A Franklin family will celebrate three graduations this summer after a father and his two sons receive two degrees and a diploma.

Rick Service will graduate from Ivy Tech Community College with an associate’s degree in general studies, while his son Chris graduates from Franklin Community High School and his son Nick graduates from Franklin College.

Service and his wife, Pam, always told their children to get good grades and go to college to have the best chance at supporting themselves and their families. And two years ago, Rick Service decided he would finally go to college as well.

He wasn’t having a problem providing for himself or his family, but now with an associate’s degree he feels more employable as he now knows how to use computers.

The Service file

Name: Rick Service

Age: 49

Occupation: Maintenance worker

Family: Wife, Pam; sons, Nick and Chris

Graduate of: Ivy Tech Community College

Degree: Associate’s degree in general studies. In the fall, he will complete a technical certificate in business administration.

About Ivy Tech

Campus: Franklin

Enrollment at Franklin campus: 1,063 students

Campus: 2205 McClain Drive, Franklin

Number of Johnson County students graduating: 166

Graduation

Event: Commencement for Ivy Tech Community College — Columbus/Franklin

Where: Franklin Community Middle School, 625 Grizzly Cub Drive, Franklin

When: 10 a.m. Saturday

Service started thinking about enrolling at Ivy Tech after seeing the president’s State of the Union in 2011. During the speech, the president mentioned a 55-year-old woman who had gone back to college to learn how to work with computers. After hearing that story, Service decided he should do the same.

“I felt like I was too young to not, at some time in my life, know how to use a computer,” he said.

As a high school student, Service never used a computer. The only people he could think of at the time who used them were astronauts. He joined the National Guard shortly after graduating. Service’s parents didn’t go to college, and at the time he didn’t believe it was possible to afford the tuition.

Service married his wife, Pam, shortly after graduating from high school. After leaving the military, he found maintenance work around town. He works for businesses and private residents and maintains a hair salon owned by his wife.

The couple were able to make a living for themselves and for sons Nick and Chris. But they told the boys early on that they needed to prepare themselves to go to college, which meant keeping their grades high. Service regularly told the boys that if their grades were fine, everything was fine.

“I wanted them to do better than I did. Maybe have an easier time, financially. Didn’t want to see them breaking their backs like I did,” Service said.

Years of listening to Service emphasize college along with constantly driving past the campus prompted Nick Service to enroll at Franklin College four years ago. This month he’ll graduate with a bachelor’s degree in health science.

Chris Service, a senior at Franklin Community High School, already has completed more than one year of Ivy Tech credits through the high school’s early college program, and he’ll attend Franklin College next year to begin studying exercise science.

After Service enrolled at Ivy Tech, he took longer than some of his classmates to complete his assignments, partly because he’d never used the computer programs before but also because he wanted to be sure he completed everything correctly.
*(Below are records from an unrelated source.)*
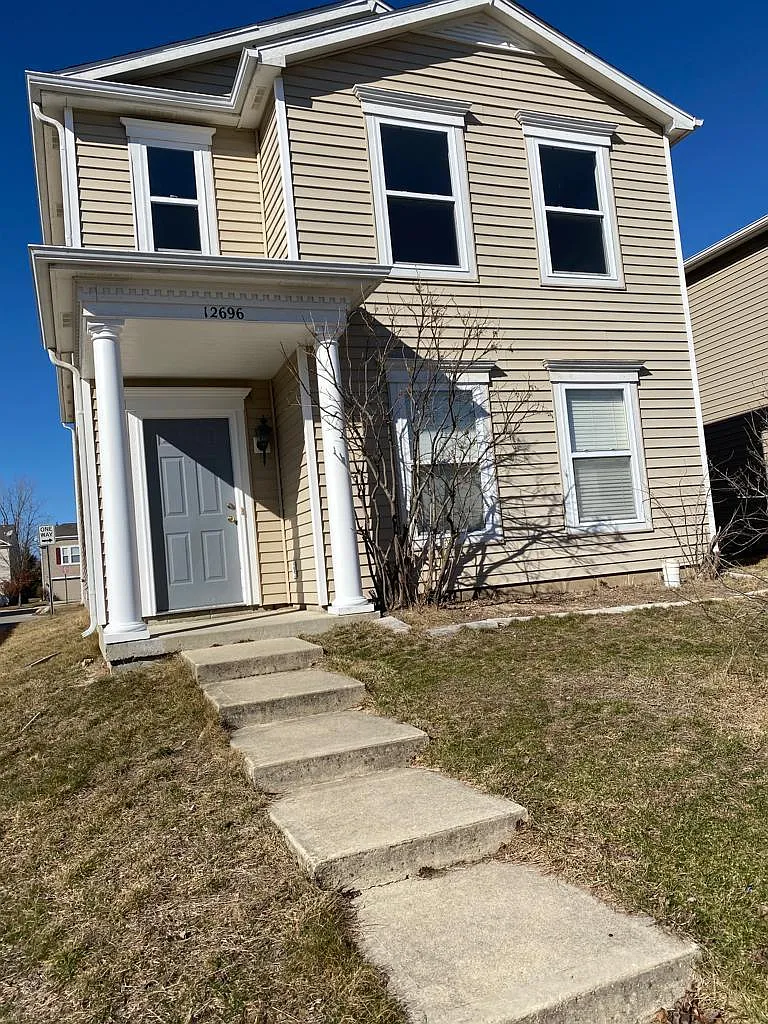 3 bed, 2.5 bath, 1804 sqft, $2,100 — Photo 2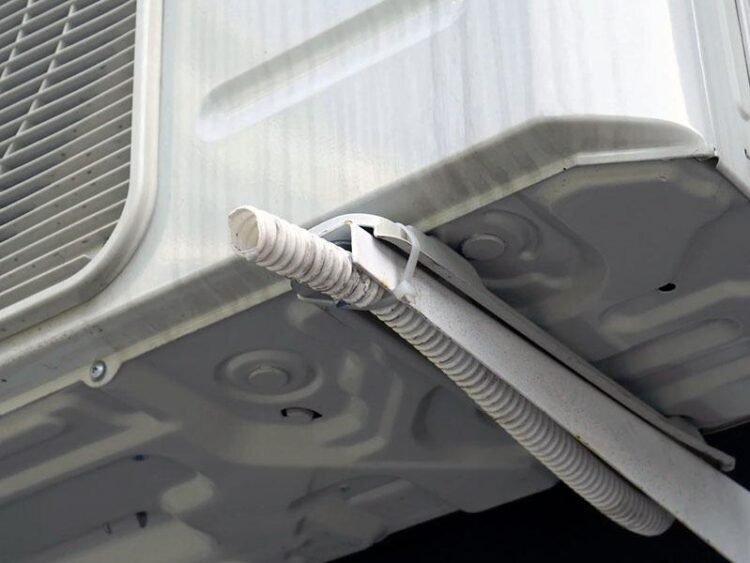 из кондиционера не капает вода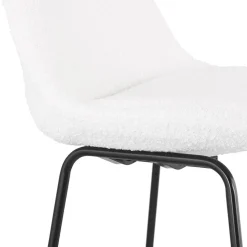 Tabouret snack mi-hauteur 'ALICE MINI' en tissu bouloché blanc et pied traineau en métal noir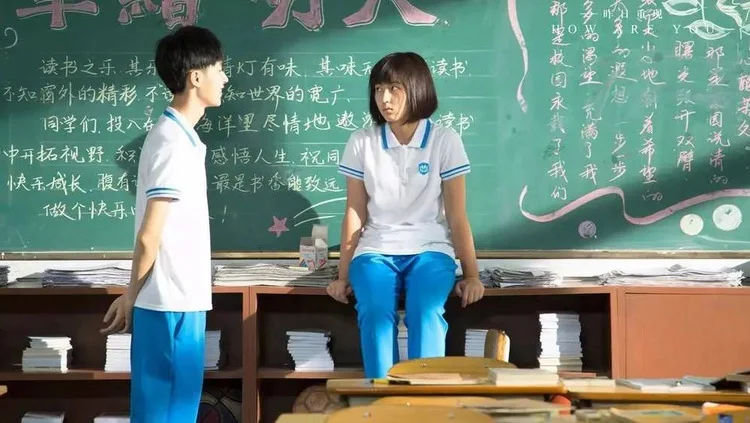 电视胆小鬼剧情_胆小鬼电视剧演员表_胆小鬼电视剧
His sons’ high school and college schedules meant they didn’t have much time to help their dad with his assignments, but any help he needed he got from Ivy Tech’s professors.

Service doesn’t have specific plans for after graduation, other than he’ll complete a business administration certificate in the fall. He hasn’t thought about whether he’ll go on to pursue a bachelor’s degree. Right now he’s thinking about what additional jobs he’s now qualified for.

“I think having that degree and that certificate will be helpful in getting a job,” he said.